Work required
Could you retype the entries below exactly, omitting every picture?

Scraped caption text data
________
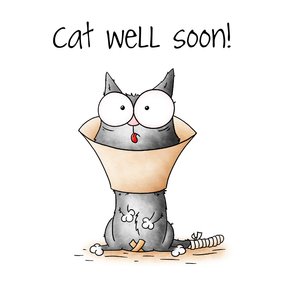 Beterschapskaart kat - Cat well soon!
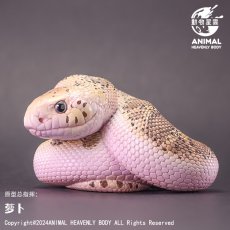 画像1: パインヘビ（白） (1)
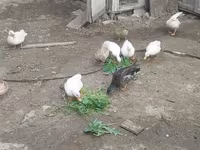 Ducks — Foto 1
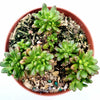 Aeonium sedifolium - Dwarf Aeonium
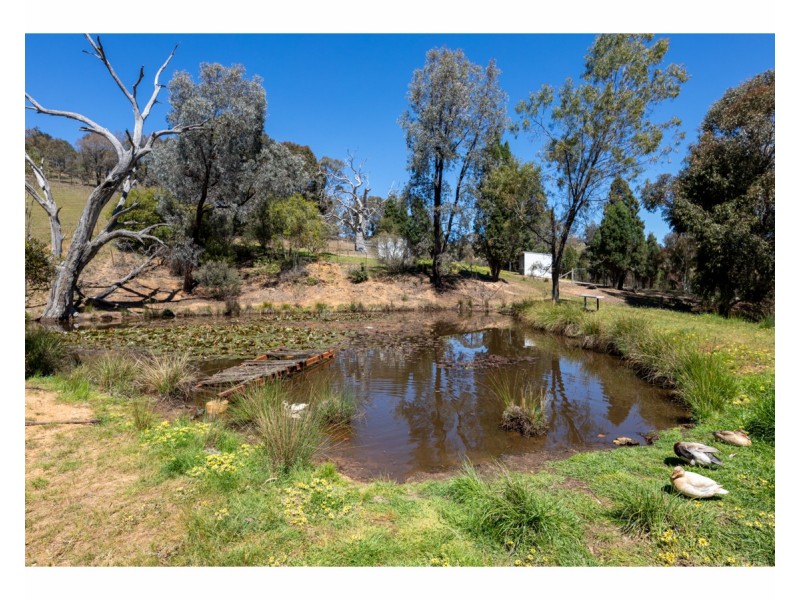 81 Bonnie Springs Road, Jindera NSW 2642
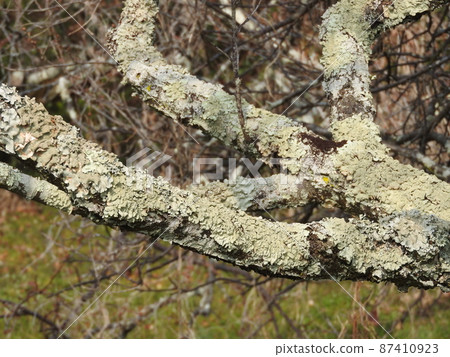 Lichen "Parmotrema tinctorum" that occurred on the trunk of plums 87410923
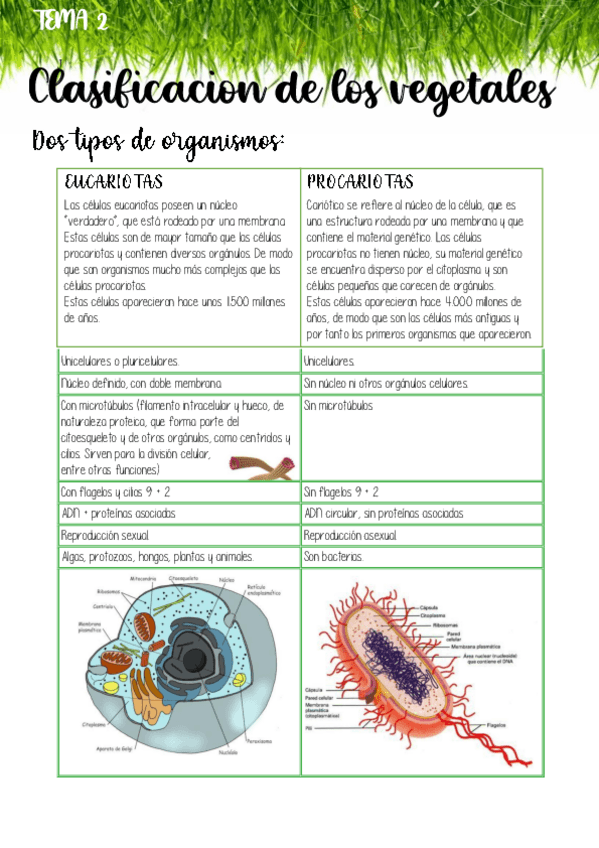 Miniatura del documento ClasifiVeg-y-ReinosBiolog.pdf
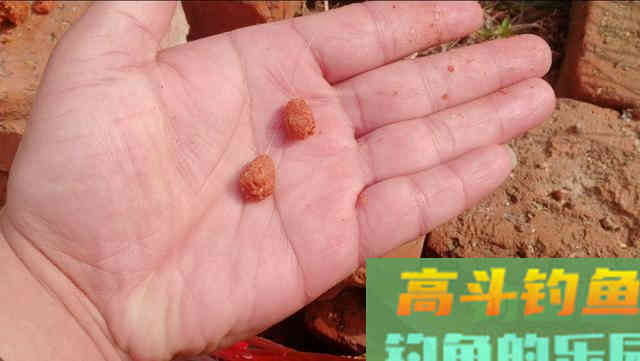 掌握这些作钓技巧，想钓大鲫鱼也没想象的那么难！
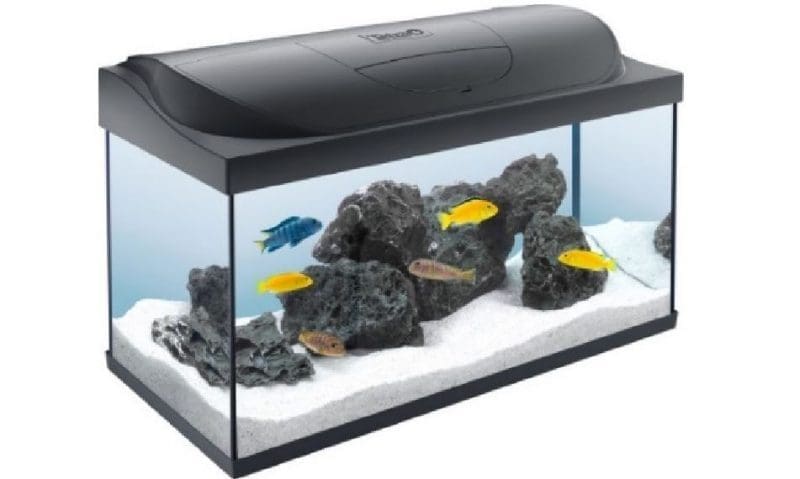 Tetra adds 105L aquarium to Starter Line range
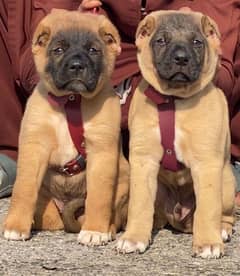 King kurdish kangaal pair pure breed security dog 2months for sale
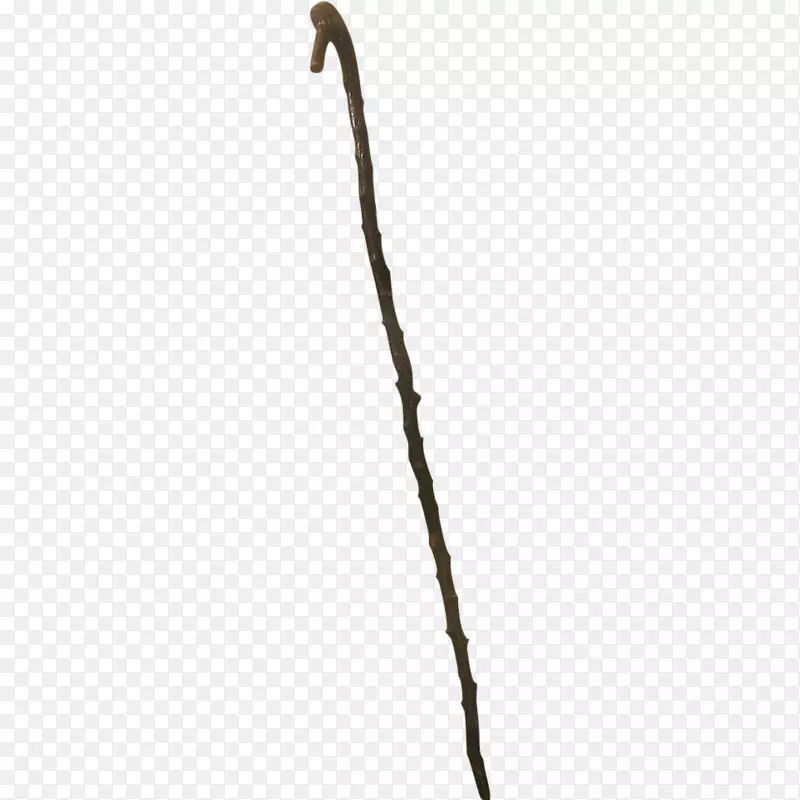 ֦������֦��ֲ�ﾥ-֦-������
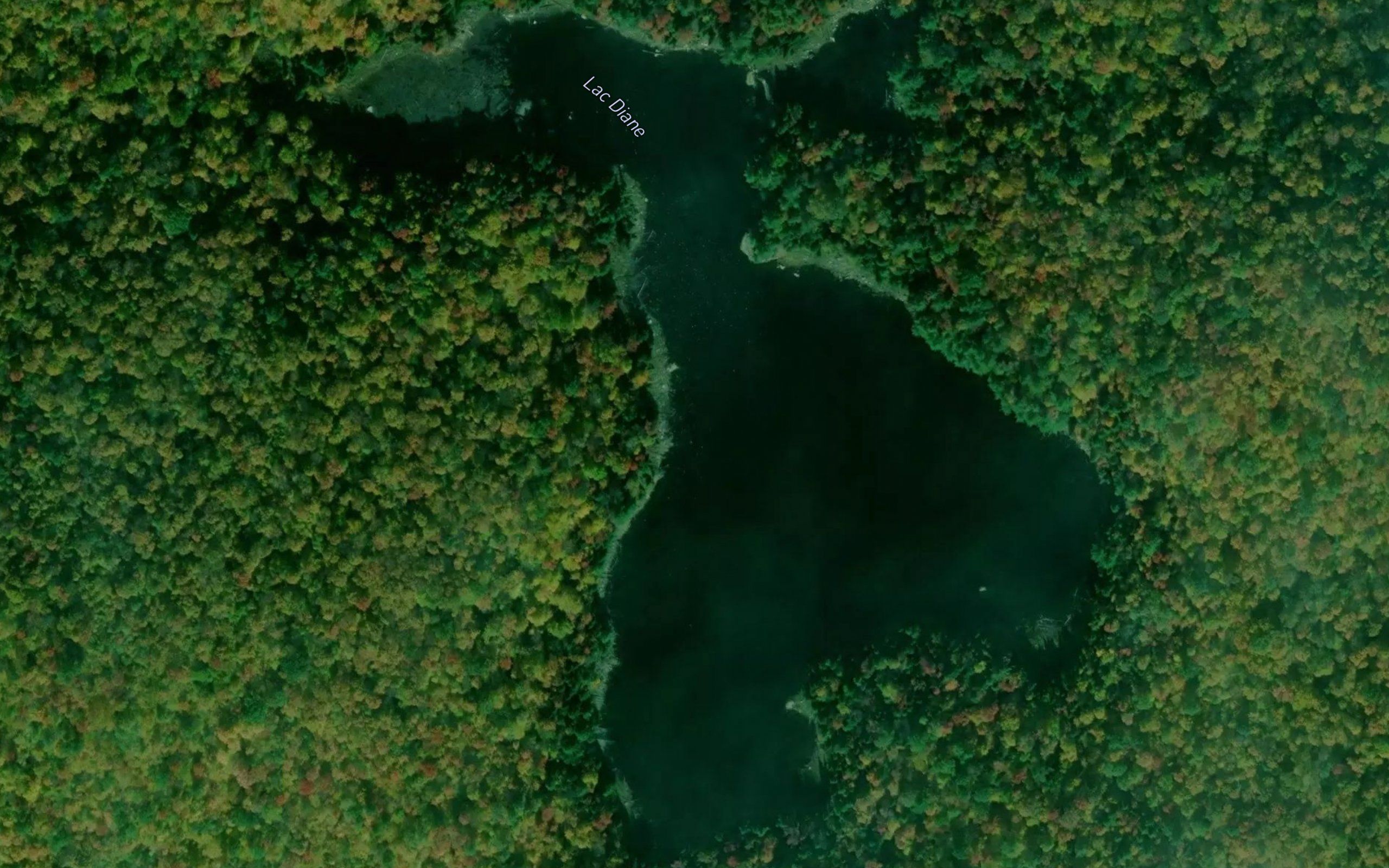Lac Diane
________
Your response
 Beterschapskaart kat - Cat well soon!
 画像1: パインヘビ（白） (1)
 Ducks — Foto 1
 Aeonium sedifolium - Dwarf Aeonium
 81 Bonnie Springs Road, Jindera NSW 2642
 Lichen "Parmotrema tinctorum" that occurred on the trunk of plums 87410923
 Miniatura del documento ClasifiVeg-y-ReinosBiolog.pdf
 掌握这些作钓技巧，想钓大鲫鱼也没想象的那么难！
 Tetra adds 105L aquarium to Starter Line range
 King kurdish kangaal pair pure breed security dog 2months for sale
 ֦������֦��ֲ�ﾥ-֦-������
Lac Diane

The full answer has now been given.